FDA Approves First Hemophilia B Drug

Biogen Idec has announced that the U.S. Food and Drug Administration approved ALPROLIX, the company’s drug for treating hemophilia B.

Hemophilia B is a rare, genetic and chronic condition in which the clotting process in a person’s blooded is impaired. This condition can lead to recurrent as well as prolonged bleeding in those who have the condition.

Treatment of the disorder is treated during regular scheduled intervals or when it is needed. Normal therapy for hemophilia B requires the use of prophylactic infusions at least twice a week.

The approval of the FDA of the Biogen Idec medication is a substantial milestone for the people who suffer from hemophilia B and represents a first step in the commitment of transforming the care for people suffering from the disorder, said CEO Dr. George Scangos from the company.

Dr.

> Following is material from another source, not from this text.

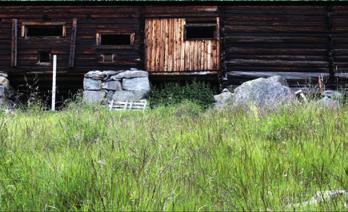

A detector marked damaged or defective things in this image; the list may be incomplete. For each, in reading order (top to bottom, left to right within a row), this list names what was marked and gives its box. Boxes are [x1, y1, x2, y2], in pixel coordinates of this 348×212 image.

Scangos added that the new medication offers those people suffering from hemophilia B the opportunity to reduce or prevent episodes of bleeding with the use of prophylactic infusions that are a minimum of one week apart.

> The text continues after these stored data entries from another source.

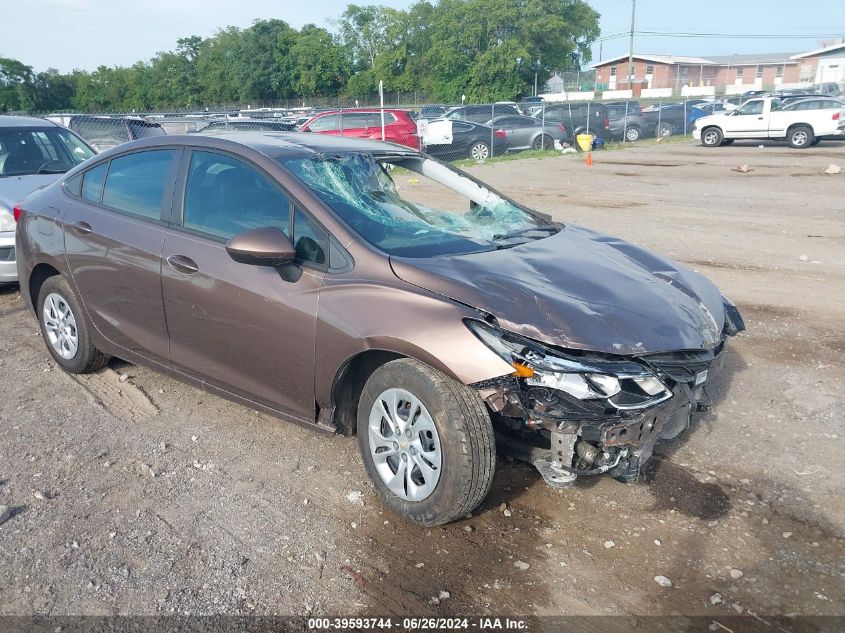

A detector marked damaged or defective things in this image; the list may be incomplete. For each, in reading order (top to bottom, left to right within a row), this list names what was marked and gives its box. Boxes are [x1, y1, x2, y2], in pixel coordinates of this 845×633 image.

crumpled hood [0, 174, 61, 211]
damaged windshield [278, 152, 552, 256]
crumpled hood [390, 225, 724, 356]
damaged headlight [464, 320, 668, 410]
crushed front end [468, 298, 744, 486]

For close to 17 years, researchers have tried to find how to reduce bleeding or to develop a new method for prolonged blood circulation through the body.

This is the first time that the FDA has approved a drug for use in treating hemophilia B and is a giant step forward for the control and prevention of this debilitating disorder.

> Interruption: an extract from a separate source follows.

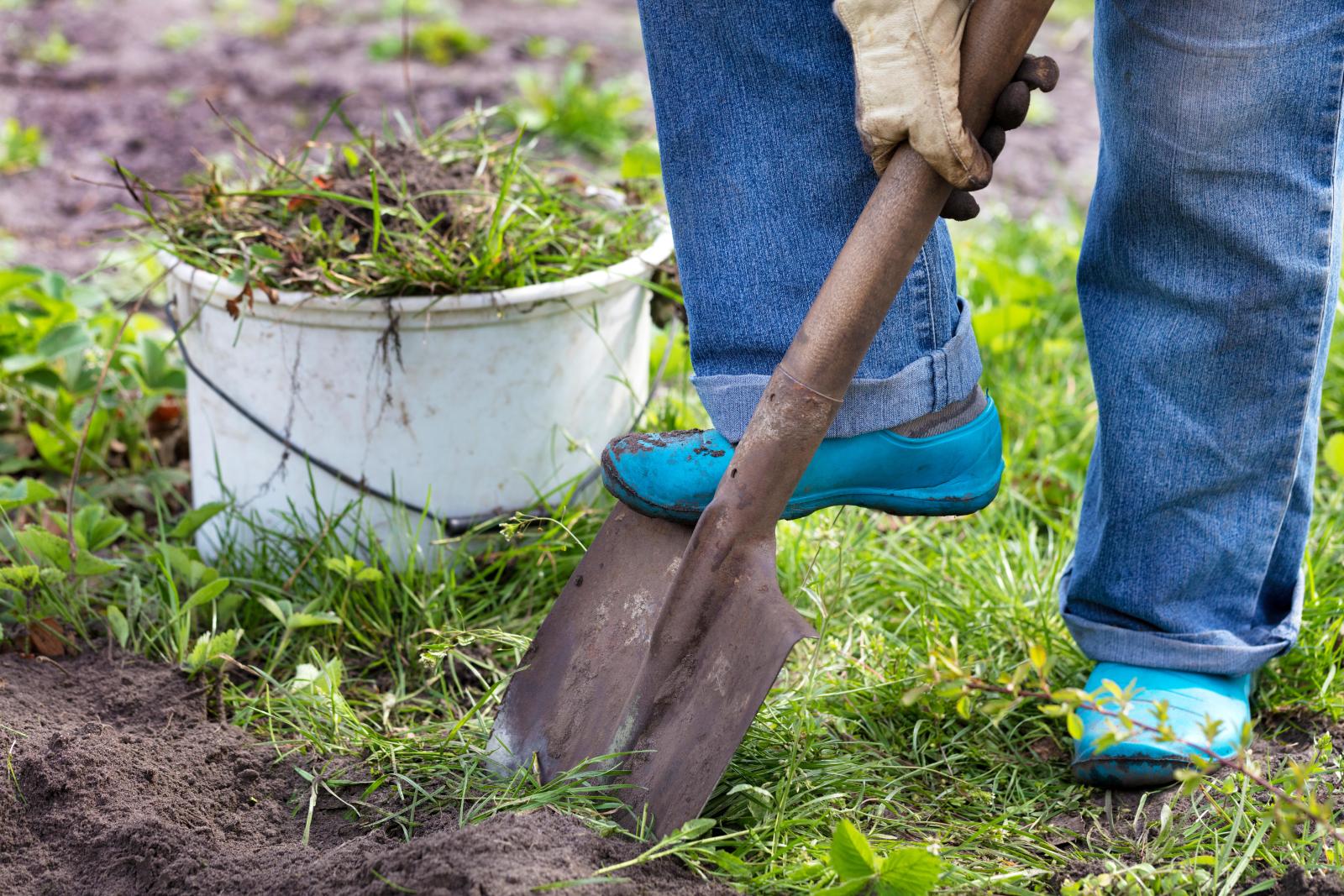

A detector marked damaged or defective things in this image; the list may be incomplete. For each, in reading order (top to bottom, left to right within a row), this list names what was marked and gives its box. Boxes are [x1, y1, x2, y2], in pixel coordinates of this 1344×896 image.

One scientist said that ALPROLIX was a significant gain as it addresses the critical need that allows people suffering from hemophilia B to keep factor levels with once weekly or once per 10 days of prophylactic infusions.

The hope said researchers is that this will help to facilitate the use of prophylactic therapy.

The disorder is very rare and is inherited in which the blood does not properly clot. That in turn leads to either prolonged periods of bleeding or heavy bruising. The disorder, said doctors, affects approximately 4,000 people in the U.S. and about 25,000 worldwide.